Git, unlike many other version-control systems, does not store deltas.1
This means that each commit is, in an important sense, totally independent of every other commit. This means you are free to "pluck out" any commit(s) without affecting any other commit, as long as you know what you're doing.
There's one important sense in which it's totally dependent on every predecessor commit, but that's in terms of its SHA-1 "true name", not the source tree associated with it. In other words, as long as you know what you're doing, this doesn't affect you.2
As for how to remove particular commit(s), well, you have several options. The answer associated with the question you linked-to uses an interactive rebase. This can work, although it only deals with simpler cases (one branch, one big file or set of files that must be deleted just once, that sort of thing). What you need to know here is that git rebase -i
is essentially git cherry-pick
on steroids, as it were: it automates a whole series of cherry-pick operations, then does some simple branch-label manipulation.
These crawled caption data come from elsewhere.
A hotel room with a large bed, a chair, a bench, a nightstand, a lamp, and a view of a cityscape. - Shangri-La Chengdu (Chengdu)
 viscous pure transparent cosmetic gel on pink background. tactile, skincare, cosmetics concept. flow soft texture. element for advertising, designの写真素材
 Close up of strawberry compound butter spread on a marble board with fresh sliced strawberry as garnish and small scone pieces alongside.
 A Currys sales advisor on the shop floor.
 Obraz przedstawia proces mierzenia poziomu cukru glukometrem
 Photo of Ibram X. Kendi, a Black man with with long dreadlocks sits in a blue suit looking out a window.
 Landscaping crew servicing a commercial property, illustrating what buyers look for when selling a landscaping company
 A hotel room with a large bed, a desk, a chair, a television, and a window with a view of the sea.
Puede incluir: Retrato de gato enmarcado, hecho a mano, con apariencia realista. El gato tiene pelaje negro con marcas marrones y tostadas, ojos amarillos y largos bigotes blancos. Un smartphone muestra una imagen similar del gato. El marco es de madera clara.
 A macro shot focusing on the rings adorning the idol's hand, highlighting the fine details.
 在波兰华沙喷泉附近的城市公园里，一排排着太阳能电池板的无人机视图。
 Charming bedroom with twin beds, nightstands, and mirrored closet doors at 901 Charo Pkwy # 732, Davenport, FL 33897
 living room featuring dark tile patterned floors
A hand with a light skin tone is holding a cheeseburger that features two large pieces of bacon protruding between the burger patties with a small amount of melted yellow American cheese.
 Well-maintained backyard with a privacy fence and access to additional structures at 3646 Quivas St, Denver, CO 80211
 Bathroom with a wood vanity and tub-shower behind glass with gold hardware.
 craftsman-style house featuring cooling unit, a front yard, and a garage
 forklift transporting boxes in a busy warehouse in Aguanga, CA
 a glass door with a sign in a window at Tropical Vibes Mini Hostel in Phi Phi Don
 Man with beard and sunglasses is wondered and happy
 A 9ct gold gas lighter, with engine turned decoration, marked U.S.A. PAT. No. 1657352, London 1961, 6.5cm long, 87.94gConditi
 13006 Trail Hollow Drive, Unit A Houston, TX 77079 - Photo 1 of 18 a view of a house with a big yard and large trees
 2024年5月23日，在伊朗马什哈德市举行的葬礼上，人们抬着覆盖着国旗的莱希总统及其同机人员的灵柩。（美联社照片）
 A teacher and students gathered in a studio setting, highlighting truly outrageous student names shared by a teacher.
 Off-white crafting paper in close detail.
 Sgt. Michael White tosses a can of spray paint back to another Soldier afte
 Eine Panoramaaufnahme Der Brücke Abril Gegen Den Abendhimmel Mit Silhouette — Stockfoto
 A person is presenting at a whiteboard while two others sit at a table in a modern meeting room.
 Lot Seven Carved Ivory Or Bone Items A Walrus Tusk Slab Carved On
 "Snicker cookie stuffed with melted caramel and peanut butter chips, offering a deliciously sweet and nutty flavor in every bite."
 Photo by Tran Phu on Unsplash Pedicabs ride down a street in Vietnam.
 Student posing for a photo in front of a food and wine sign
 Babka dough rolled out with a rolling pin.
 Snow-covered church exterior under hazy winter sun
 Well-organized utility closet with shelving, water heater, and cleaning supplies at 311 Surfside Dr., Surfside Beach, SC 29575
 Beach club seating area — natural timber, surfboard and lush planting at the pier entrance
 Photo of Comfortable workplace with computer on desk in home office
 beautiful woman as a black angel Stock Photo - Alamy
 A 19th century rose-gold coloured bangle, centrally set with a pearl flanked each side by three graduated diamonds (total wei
Another method is to use git filter-branch
. This is likely the more-correct method in this case. The thing to know here is that git filter-branch
is kind of like git rebase
on steroids, as it were: it automates many copy operations (not specifically cherry-picks), then does complex, multiple-label manipulation (branches and, optionally, tags as well).
Let me have a footnote break and then I'll tell you what you need to know about filter-branch.
1Deltas sneak back in via "pack files", which give git good compression (better than many other VCS-es), but these happen well below the point at which git stores a tree with each commit. As far as the commits go, each commit is simply an object with some metadata and a (single) "tree" object, and the tree contains a complete, independent snapshot of the files that go with that commit. When you git show
a commit and see a delta, that's because git has extracted not only that particular commit, but also its parent commit(s), and then—at git show
time—used its diff-generator to show you what happened in that commit, with respect to that parent or those parents.
2Of course, this leaves a lot of wiggle room if you aren't quite sure what you're doing. :-) In particular, no matter what you do here, you'll wind up "renumbering" all the commits "downstream" of any commit that gets modified. If someone else already has a copy of these commits (e.g., a clone of your current repo), they will have to take some action to update their copies, so you'll be making a bunch of work for them. If "they" include "you"—i.e., if you have a couple of copies of the original repo—you'll have to do something about that yourself, but that's probably just "throw away those copies and get new copies", which you can do at your own pace. You won't be annoying yourself, or at least, you'll know it when you are. :-)
Back to git filter-branch
: what it does is much the same as almost every other git command. It does not—can not—change any existing commit. Instead, it copies commits, by extracting them, then applying some filter(s), then making new commits.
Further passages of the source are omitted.